Many resources correctly recommend good lesson plans, making a presence in the room, or other things as key issues to good teaching.
However, the most important factor is a good night's sleep.
This factor is so important that you can come to class with a bad lesson plan - or no lesson plan at all - and manage, if you're rested. The lesson won't be great, but you will be able to manage the class, exert reasonable discipline, and teach to some degree.
If the situation is reversed, and if you have a very good lesson plan but you're tired, you will flop.
Discipline in your class will be poor when you are not rested. Sure, you'll blame the kids but they are not fully to blame.

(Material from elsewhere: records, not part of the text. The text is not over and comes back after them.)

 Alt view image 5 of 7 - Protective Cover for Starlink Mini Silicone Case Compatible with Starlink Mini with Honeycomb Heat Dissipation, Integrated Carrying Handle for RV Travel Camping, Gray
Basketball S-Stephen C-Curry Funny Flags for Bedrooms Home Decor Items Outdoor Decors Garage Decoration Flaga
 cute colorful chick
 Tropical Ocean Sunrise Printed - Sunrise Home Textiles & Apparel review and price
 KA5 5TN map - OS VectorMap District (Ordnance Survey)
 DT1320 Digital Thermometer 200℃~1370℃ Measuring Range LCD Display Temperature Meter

When you're rested you're more interesting, the lesson flows more smoothly, you cover things in more rapid fire order, and you can control the class. You can also explain things, issues, and concepts more successfully when you are rested.
When you're tired, your brain is also tired.

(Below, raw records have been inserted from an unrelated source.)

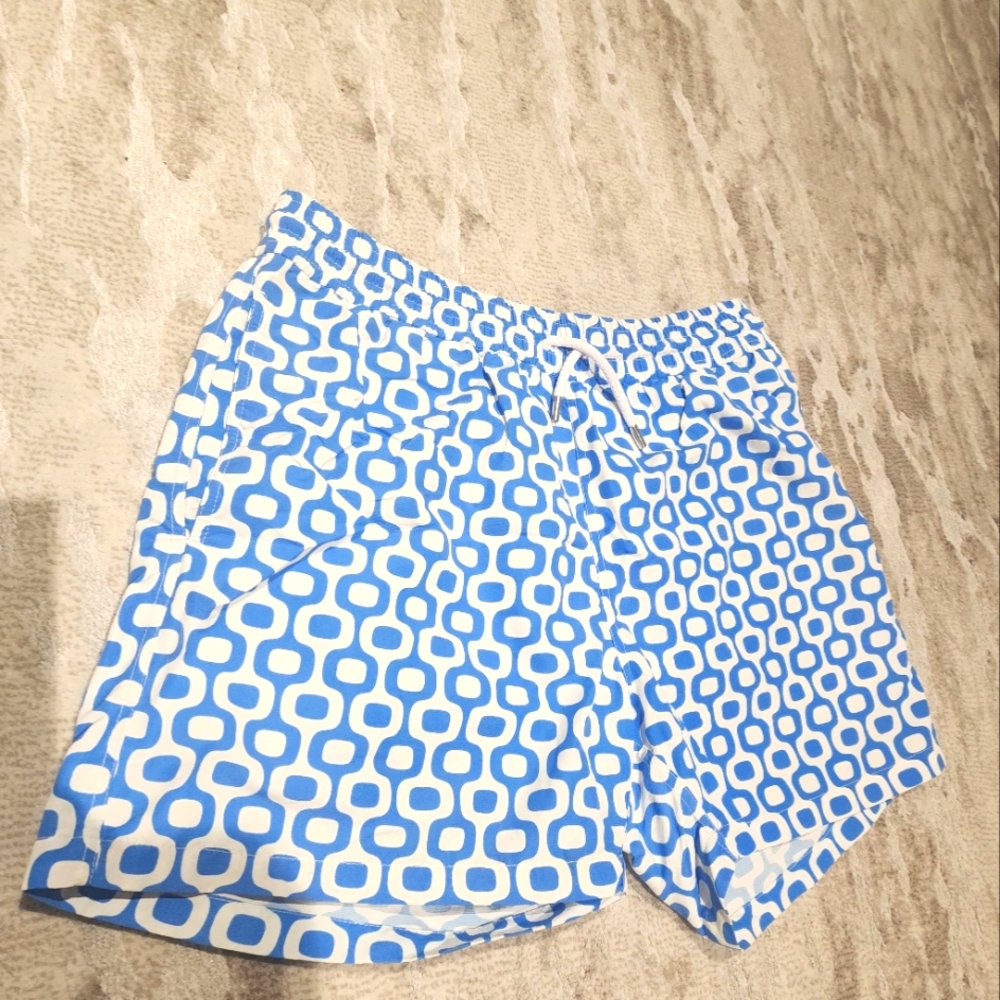 Frescobol Carioca  Blue Geometric Mens Swim Trunks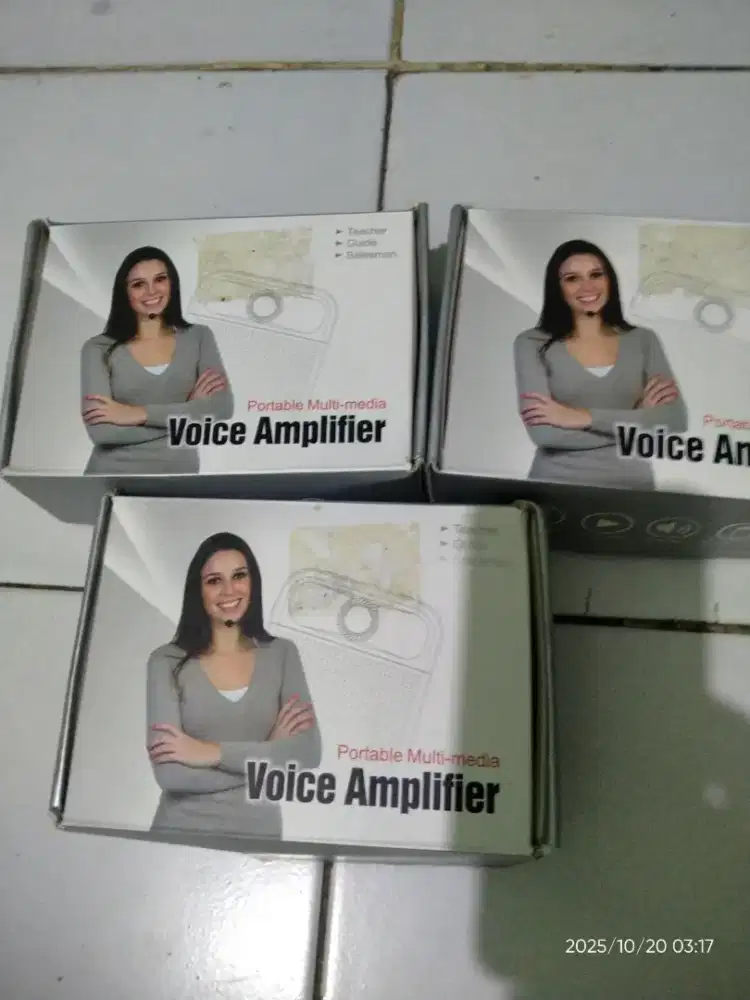 Voice amplifier bortable multi media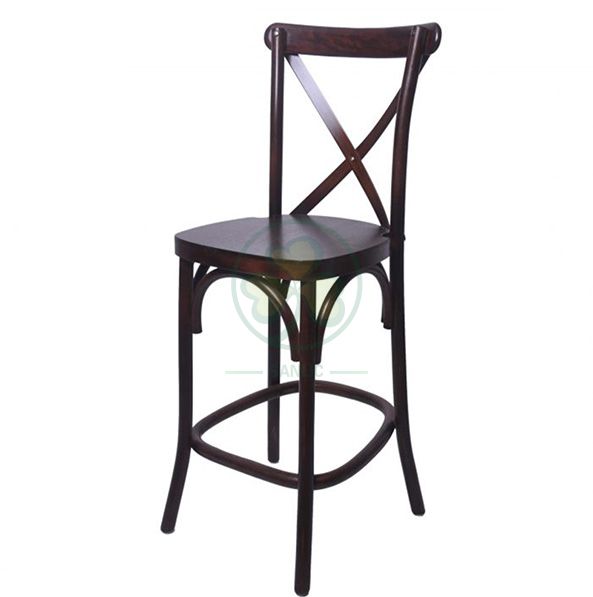 Factory Wholesale Wooden Crossback Barstools for Various Outdoor Events  SL-W1914WCBB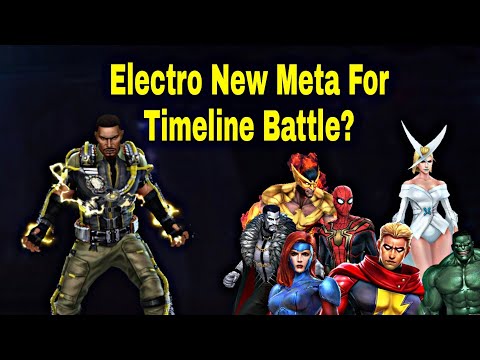 Electro Timeline Battle Guide With Transcend And Uniform - Marvel Future Fight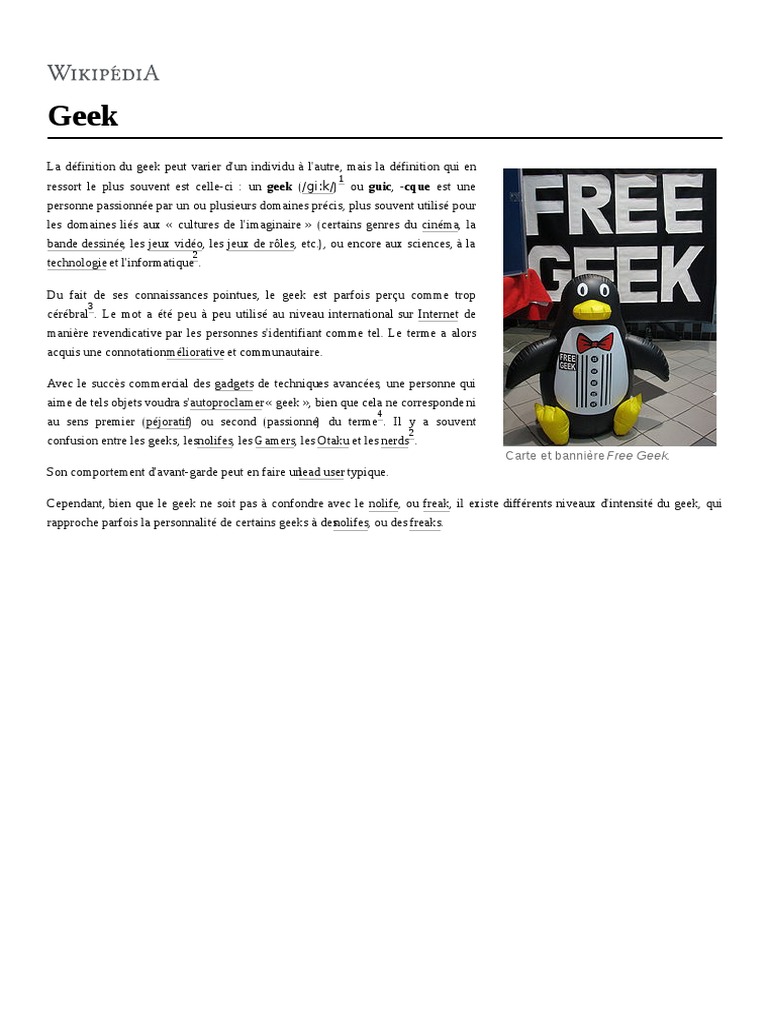 Geek | PDF | Logiciel | Informatique et technologies de l'information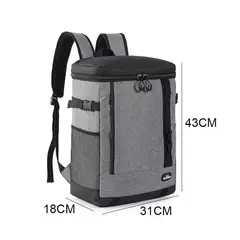 EDWINAYY - Bolso Cooler Aislamiento Impermeable Comida Bebida 24 Litros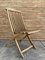 Cunard Line Teak Slat Back Deck Folding Chair from Scan Com, 1960s, Set of 2 7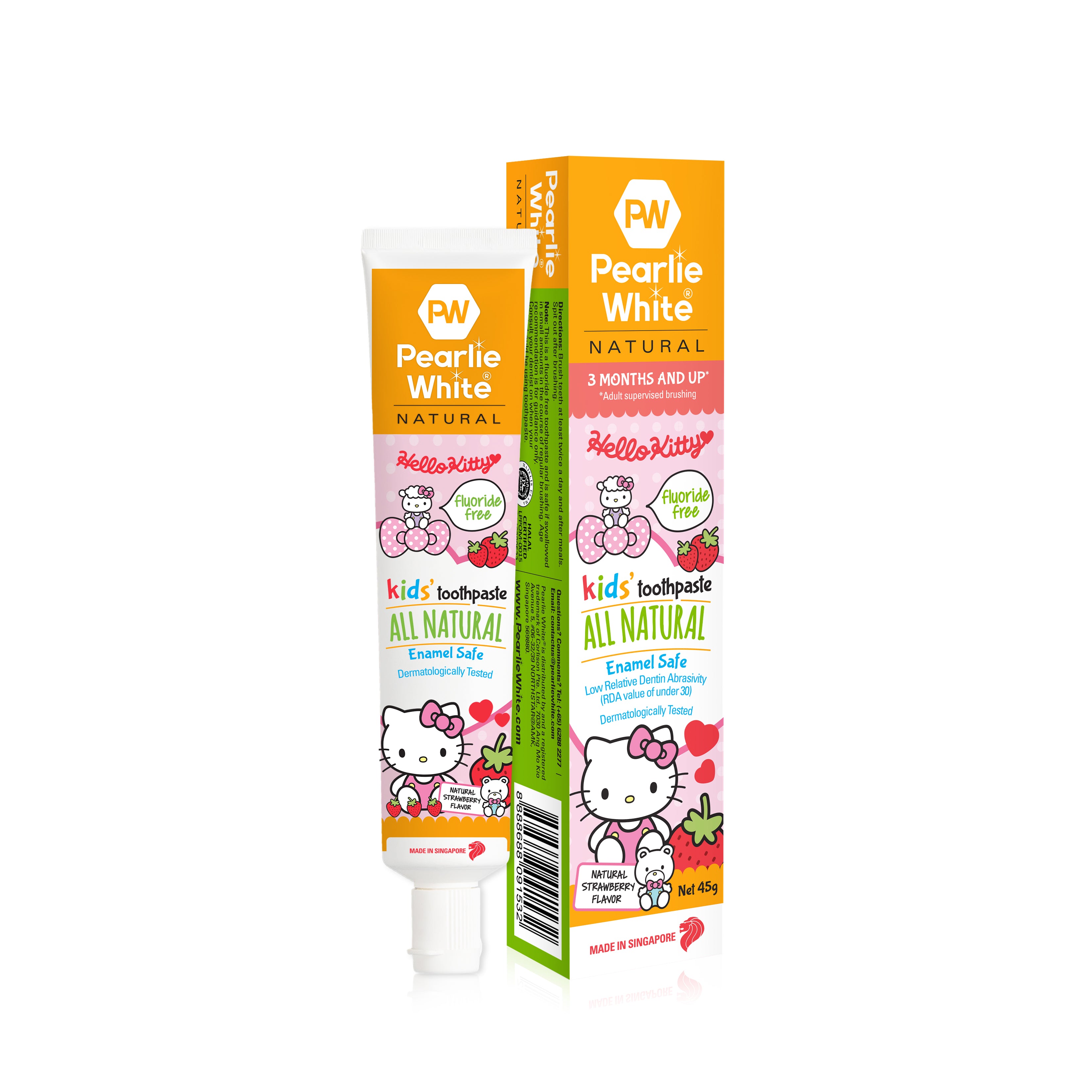 Hello Kitty All Natural Enamel Safe Kids’ Toothpaste (Strawberry) 45g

Thus, all the other guidelines and rules are valid and important. Do them.
But they will work only if you are rested.
Let's take the following situation:
It's late at night. You haven't prepared your class yet. You're tired. What should you do?

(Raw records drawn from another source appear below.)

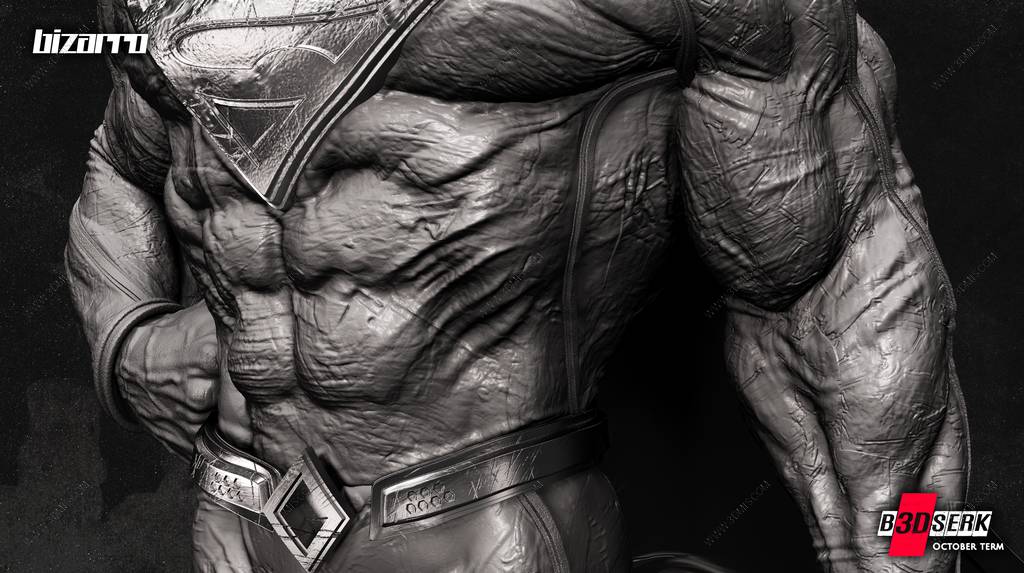 P站图纸印象馆 B3DSERK DC漫画 比扎罗 B3DSERK DC漫画 比扎罗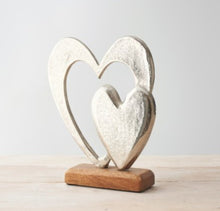 Load image into Gallery viewer, Double Heart on Plinth
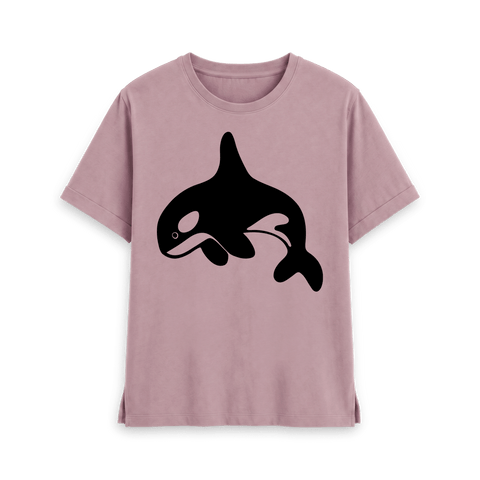 Mauve Printed T-shirt Front
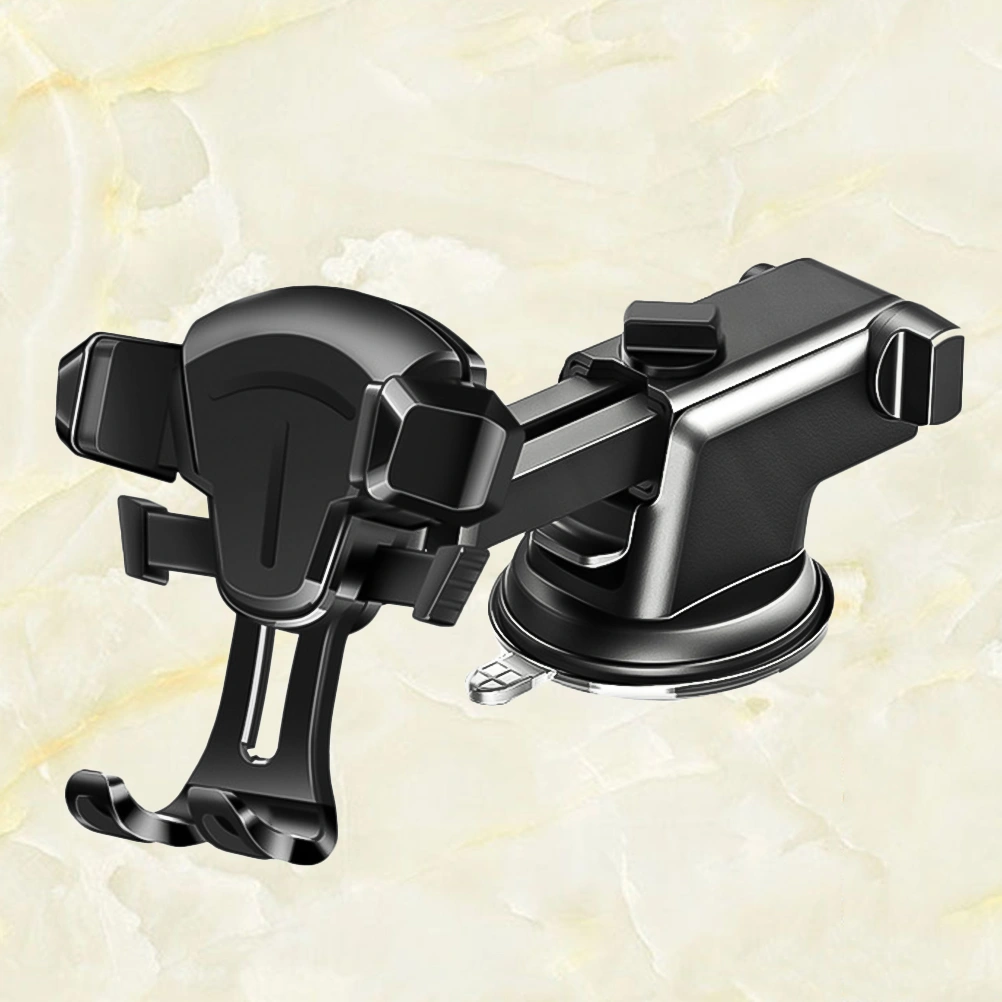 1pc Vehicle Phone Bracket Car Phone Holder Phone Bracket Phone Stand Mount Multifunctional Car Phone Rack (2-in-1 Black)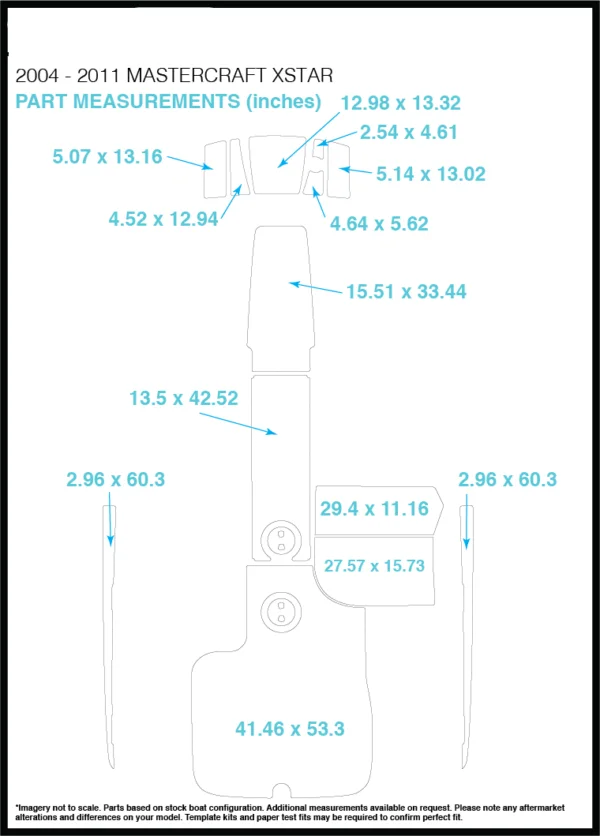 2004-2011 Mastercraft XStar Cockpit Pad лодка EVA Тиковый настил 1/" 6 мм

The answer is to go to sleep. That will give you a chance of succeeding the next day. If you opt for preparing the lesson, no matter how good it is - you'll be even more tired and you will not be able to succeed the next day.
Of course you can't do this too often. You should prepare the lessons for every class and be rested.
However, the world is not ideal and sometimes it's impossible to get all of the sleep that we would like. This offers you an option of how to survive in an imperfect world.
This is also closely related to sleep.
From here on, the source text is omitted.